**ASSIGNMENT**
Go to the line that contains "Code LeetCode With". Restate that line and each one after it exactly, through the end of the records, without pictures.

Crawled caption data
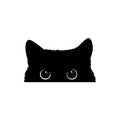 Cartoon black cat car sticker 15x9cm black paper decal vehicle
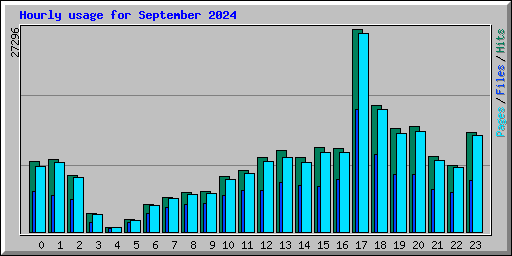 Hourly usage for September 2024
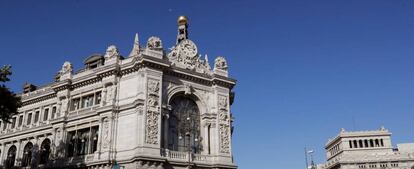 Fachada del Banco de España, en Madrid.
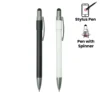 Stylus Metal Spinner Pens – Push Button (Blue Ink)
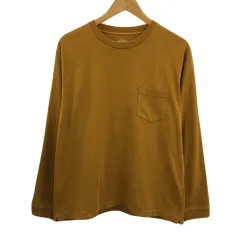 グリーンレーベルリラクシング ユナイテッドアローズ green label relaxing トレーナー ラウンドネック プルオーバー 無地 長袖 L 黄 イエローのサムネイル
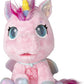 IMC Toys My Baby Unicorn interactive plush toy with rainbow mane and magic horn for kids aged 3 plus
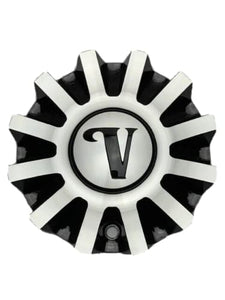 Velocity Black and Machined Wheel Center Cap CSVW24-2A - Wheel Center Caps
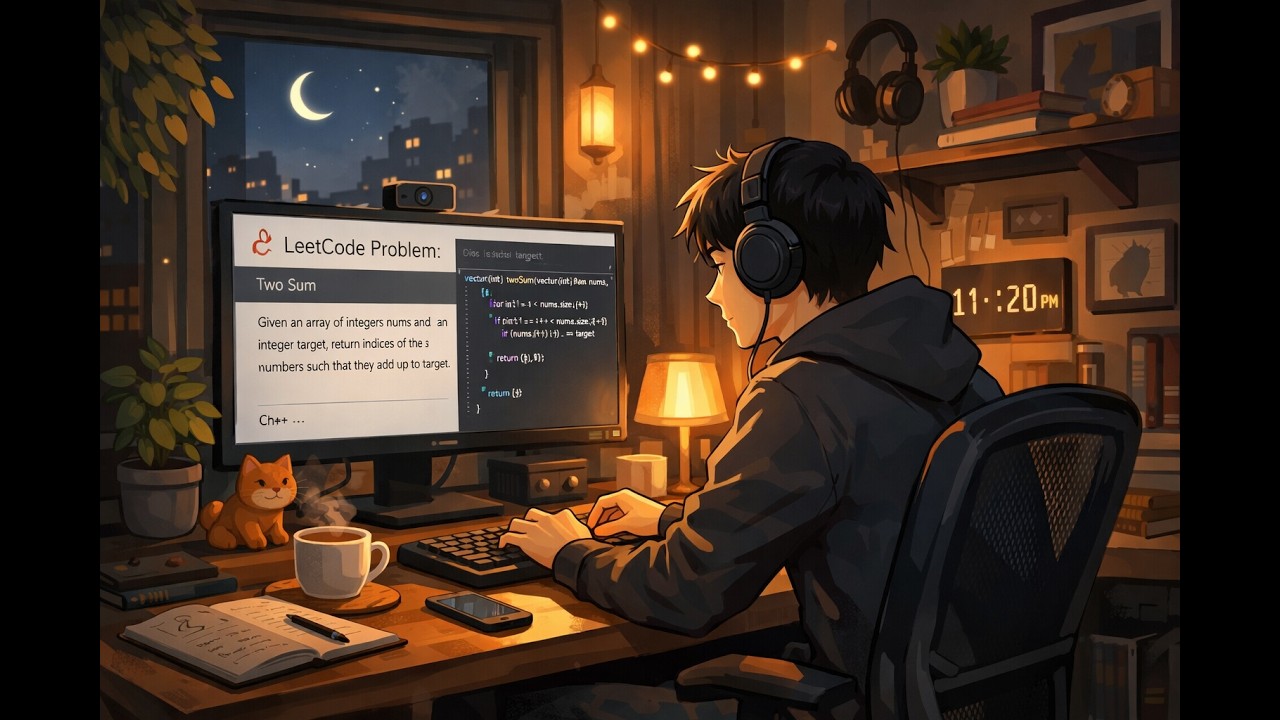 Code LeetCode With Me – Lofi Coding Session - YouTube
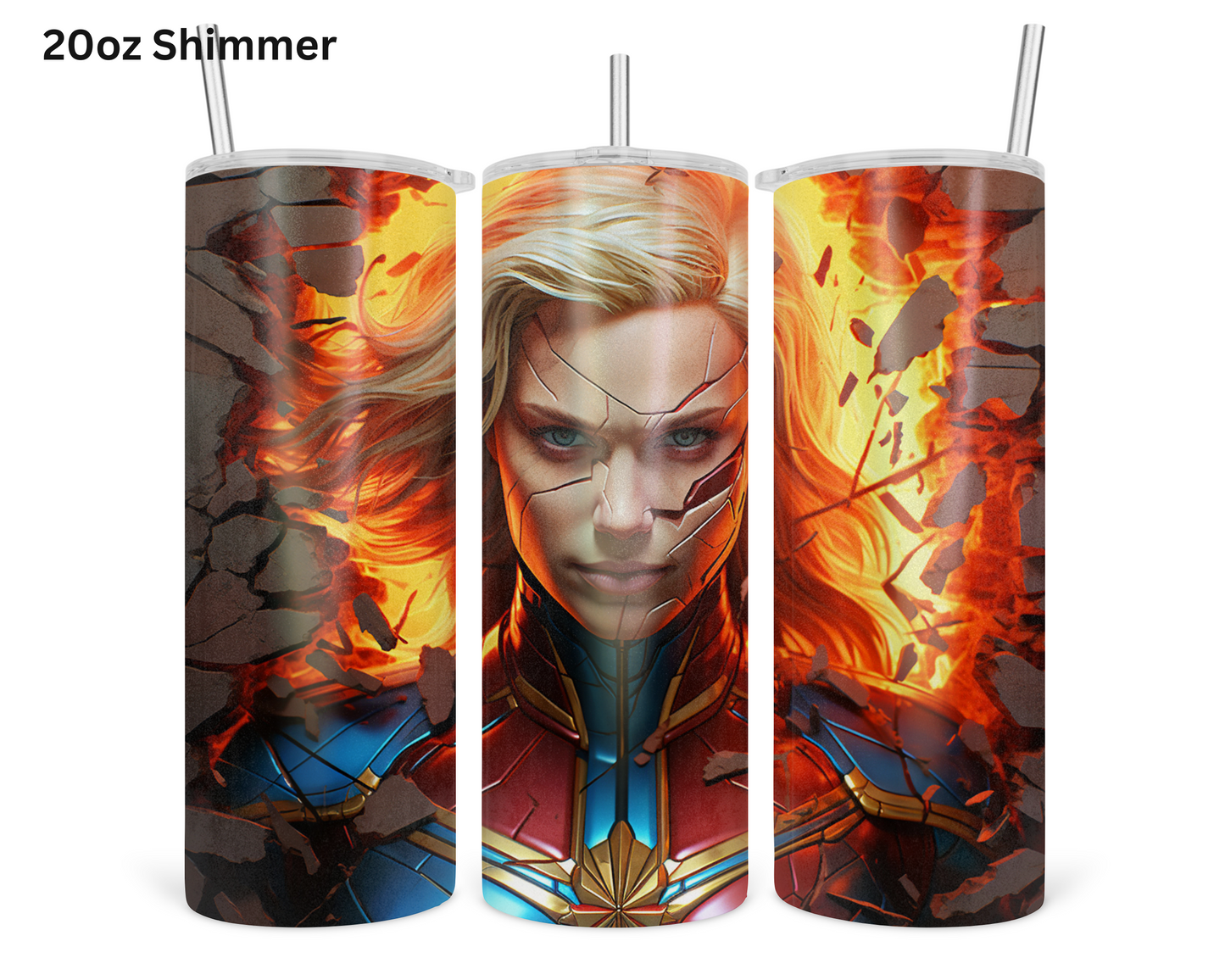 Captain Marvel (Face) Wall Break Tumbler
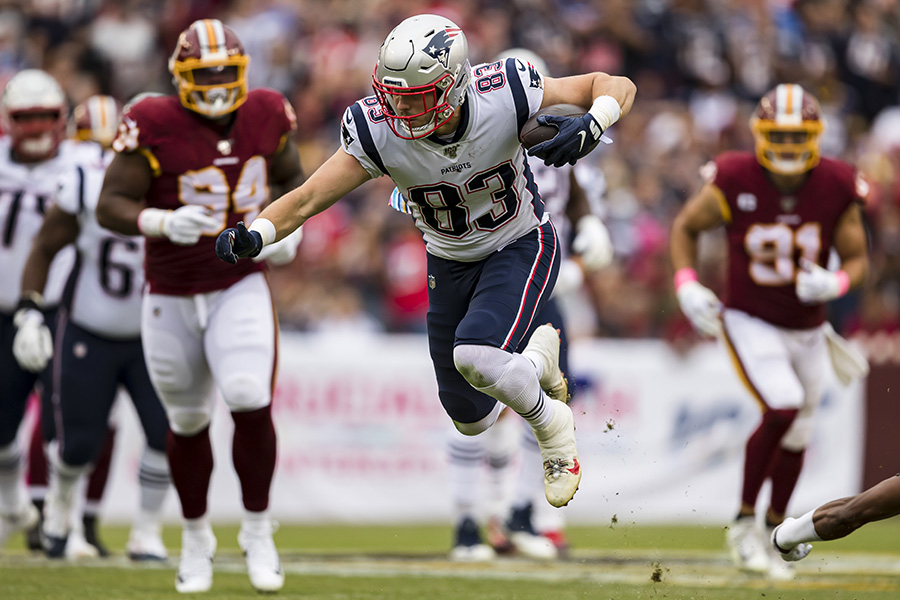 Matt LaCosse has decided to opt out of the 2020 season, becoming the eighth Patriot to do so. (Photo by Scott Taetsch/Getty Images)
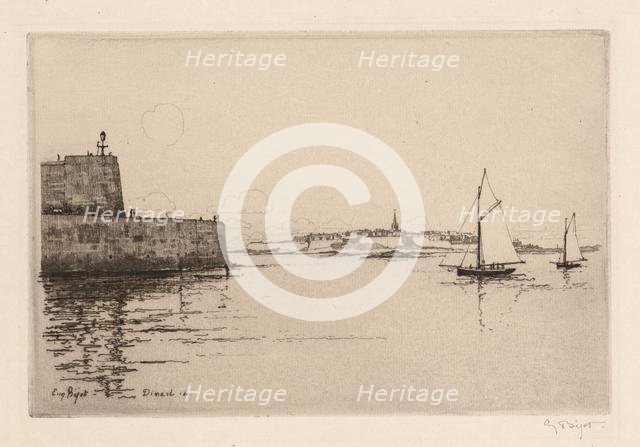 Saint-Malo Viewed from Dinard (Saint-Malo vu de Dinard), 1914. Creator: Eugène Bejot (French, 1867-1931).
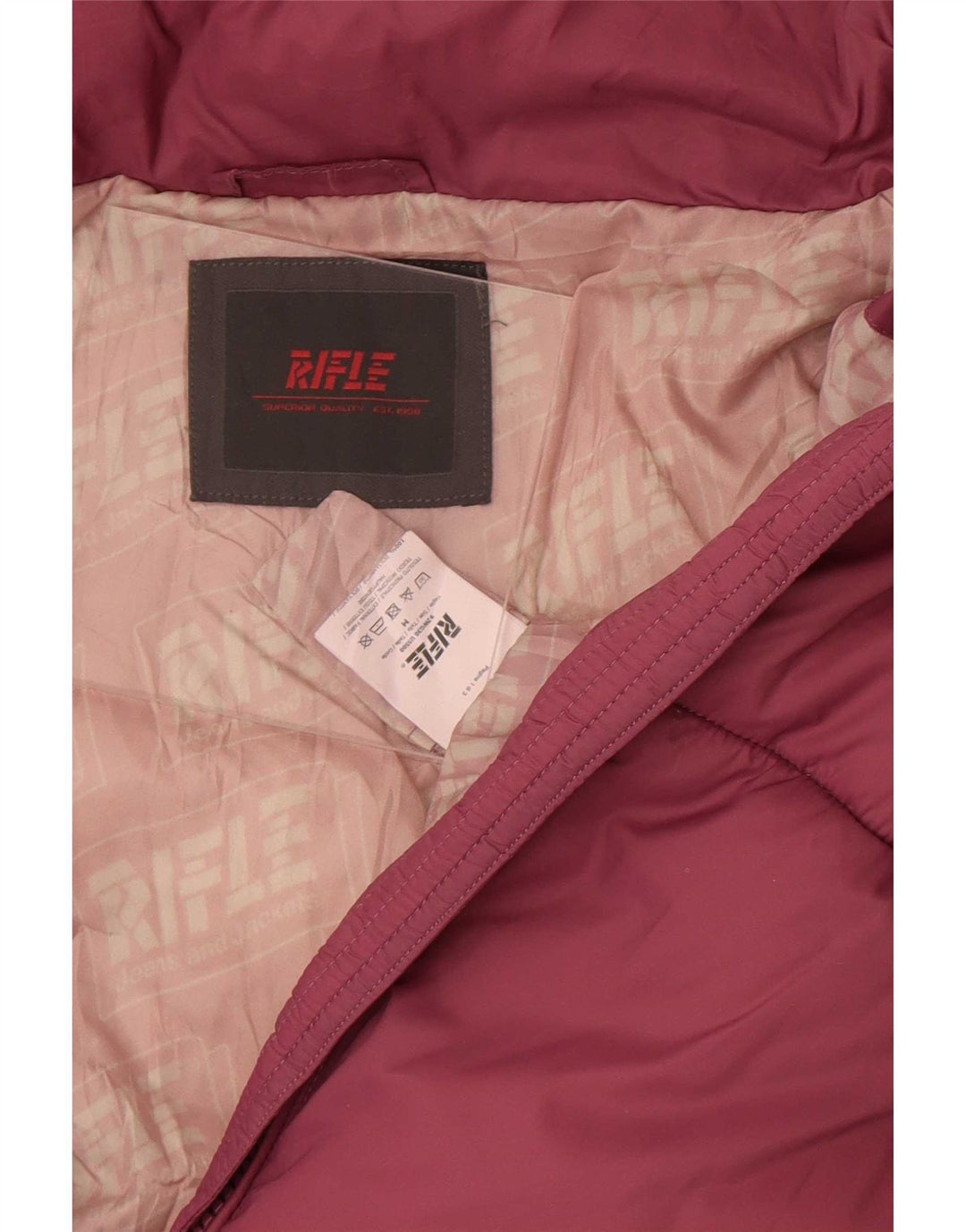 Rifle Dame Polstret Jakke UK 14 Medium Lilla Polyamid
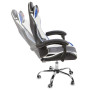 Вибромассажное кресло Calviano Asti Ultimato black/white/blue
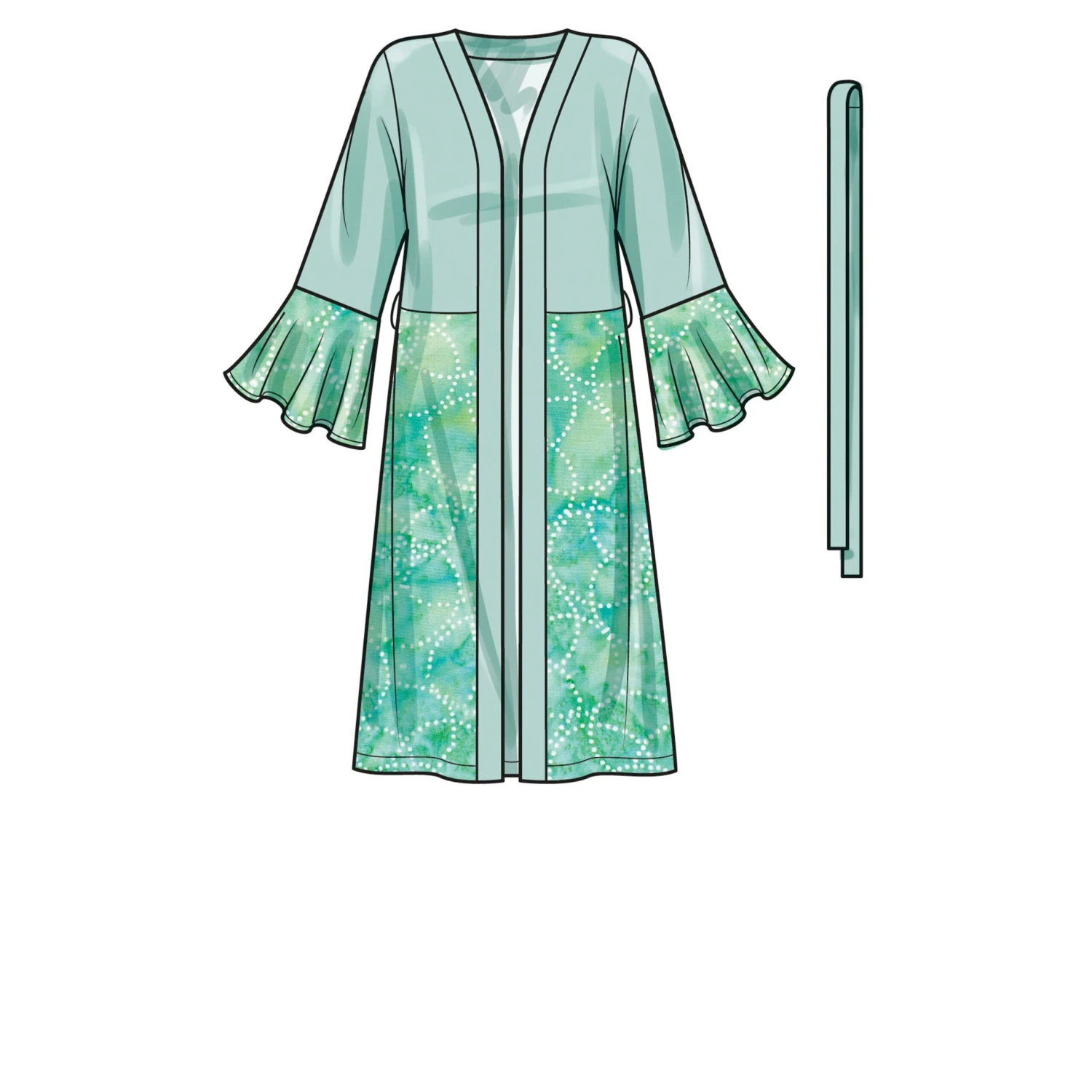 Simplicity Sewing Pattern 9602 Misses' Caftans And Wraps 9 Simplicity Sewing Pattern 9602 Misses' Caftans And Wraps - Image 9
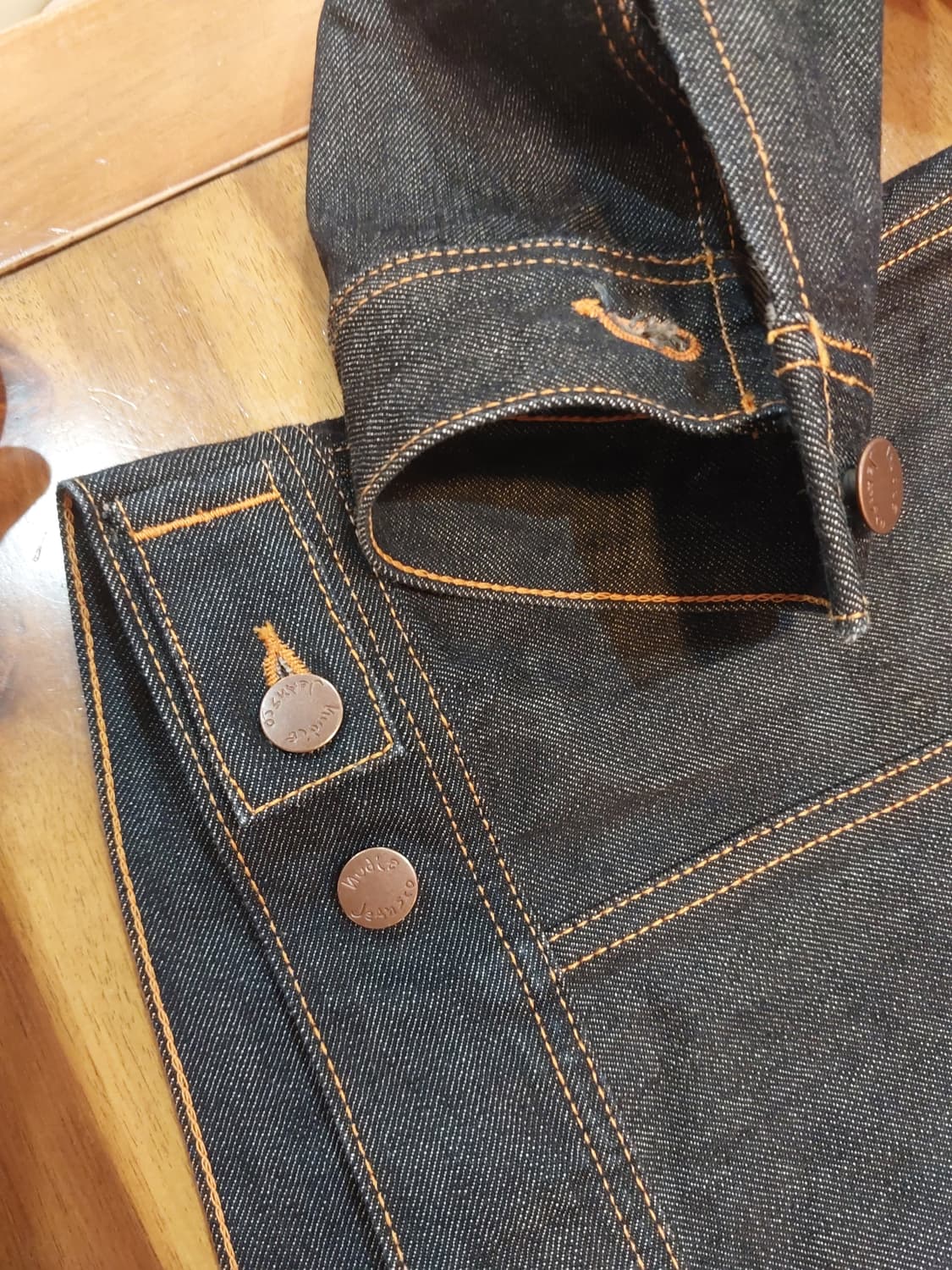 누디진 데님 자켓 M사이즈  상품이미지5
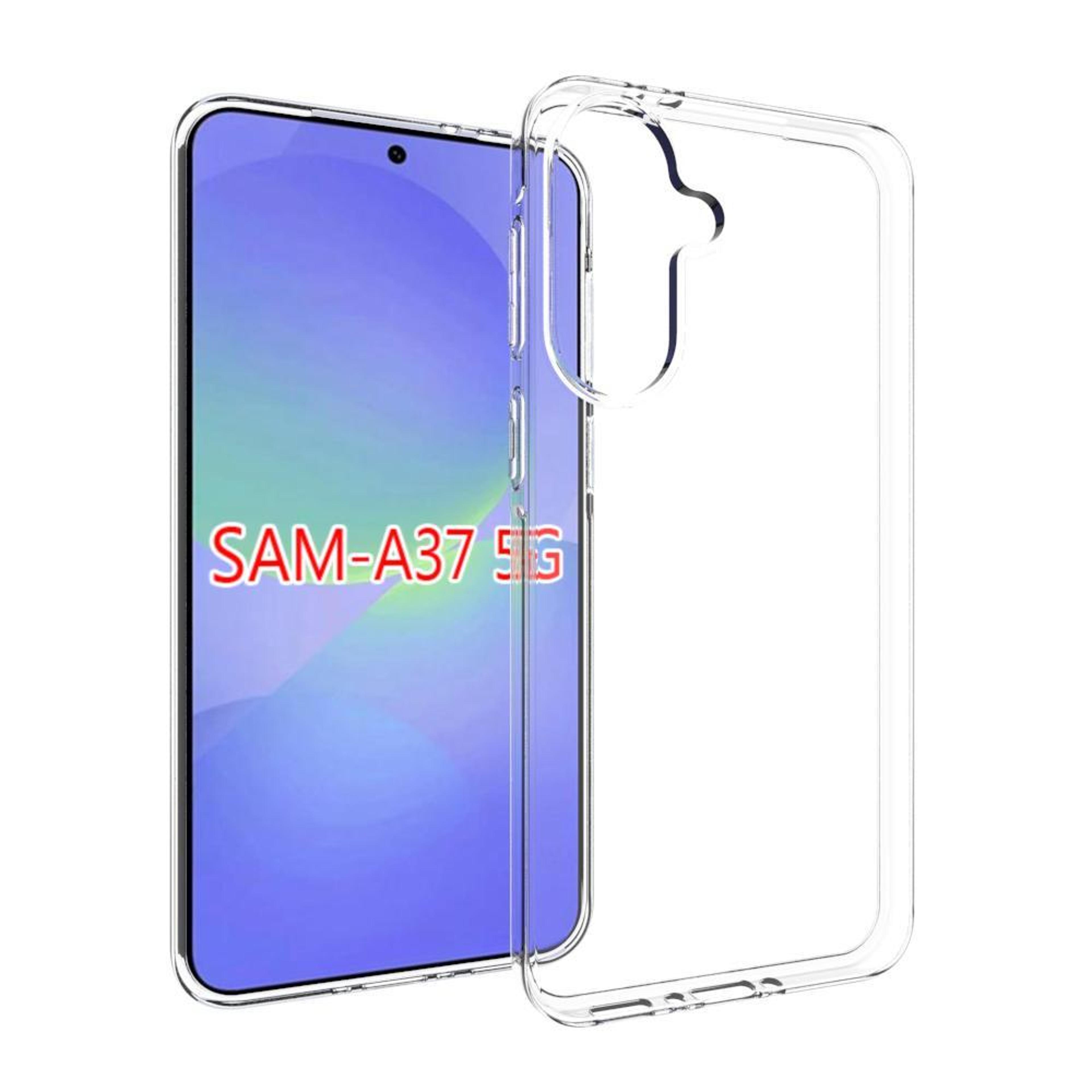 samsung galaxy a37 5g transparent tpu case with waterproof texture & scratch protection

**TASK RESPONSE**
 Code LeetCode With Me – Lofi Coding Session - YouTube
 Captain Marvel (Face) Wall Break Tumbler
 Matt LaCosse has decided to opt out of the 2020 season, becoming the eighth Patriot to do so. (Photo by Scott Taetsch/Getty Images)
 Saint-Malo Viewed from Dinard (Saint-Malo vu de Dinard), 1914. Creator: Eugène Bejot (French, 1867-1931).
 Rifle Dame Polstret Jakke UK 14 Medium Lilla Polyamid
 Вибромассажное кресло Calviano Asti Ultimato black/white/blue
 Simplicity Sewing Pattern 9602 Misses' Caftans And Wraps 9 Simplicity Sewing Pattern 9602 Misses' Caftans And Wraps - Image 9
 누디진 데님 자켓 M사이즈  상품이미지5
 samsung galaxy a37 5g transparent tpu case with waterproof texture & scratch protection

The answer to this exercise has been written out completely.